“Gentlemen,” said the Admiral, “you must understand that what we are
about to hear is absolutely top secret.”
He glared round the big table, his
bloodshot eyes and the braid on his uniform complementing the red-gold colours
of the Imperial Space Fleet on the wall behind him.
“Our defeat at the hands...I mean tentacles...of
the unspeakable !ulrq, as you all know, has been so comprehensive that we had
to sue for peace – even though we are in every way superior to those slimy,
cowardly, craven, misbegotten things.”
One of the junior officers cleared his
throat, as though about to speak, but fell prudently silent when the Admiral
glared at him. The room was so silent that one might have heard a drop of sweat
plink on the polished table.
“Before I go into the reasons for the
actual defeat,” the Admiral continued, “I should tell you a little about the
background of the battle, because except for my immediate staff, none of you
will have been told more about it than was released to the media and the
masses.”
He turned and pressed a button. The wall
behind him lit up with a space map marked in lines of dull green and blazing yellow.

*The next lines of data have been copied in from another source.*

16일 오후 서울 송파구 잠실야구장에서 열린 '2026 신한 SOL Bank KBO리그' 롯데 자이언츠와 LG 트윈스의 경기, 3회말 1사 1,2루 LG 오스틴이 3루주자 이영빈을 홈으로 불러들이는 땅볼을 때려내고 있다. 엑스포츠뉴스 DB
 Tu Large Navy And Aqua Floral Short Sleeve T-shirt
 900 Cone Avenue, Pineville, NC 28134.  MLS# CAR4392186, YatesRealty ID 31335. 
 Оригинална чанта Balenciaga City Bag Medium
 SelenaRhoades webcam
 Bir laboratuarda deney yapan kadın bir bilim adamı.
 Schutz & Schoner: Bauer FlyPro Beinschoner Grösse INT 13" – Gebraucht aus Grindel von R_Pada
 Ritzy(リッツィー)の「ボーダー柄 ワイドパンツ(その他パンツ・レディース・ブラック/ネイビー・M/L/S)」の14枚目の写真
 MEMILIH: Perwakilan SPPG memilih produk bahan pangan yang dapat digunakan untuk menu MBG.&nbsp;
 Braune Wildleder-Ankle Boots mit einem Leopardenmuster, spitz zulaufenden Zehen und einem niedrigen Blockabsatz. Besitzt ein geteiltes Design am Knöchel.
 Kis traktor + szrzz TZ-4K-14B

“As you all know, we have been – for years
now – expanding our Empire in the direction of the realms of the unspeakable !ulrq.”
Everyone waited politely until he had stopped coughing. “Sooner or later, of
course, this would mean that we would have to either crush them and take over
their territories, or else...” he shuddered “...negotiate with them over a common border.”
Everyone present shuddered in sympathy at
the thought of negotiating with the unspeakable !ulrq.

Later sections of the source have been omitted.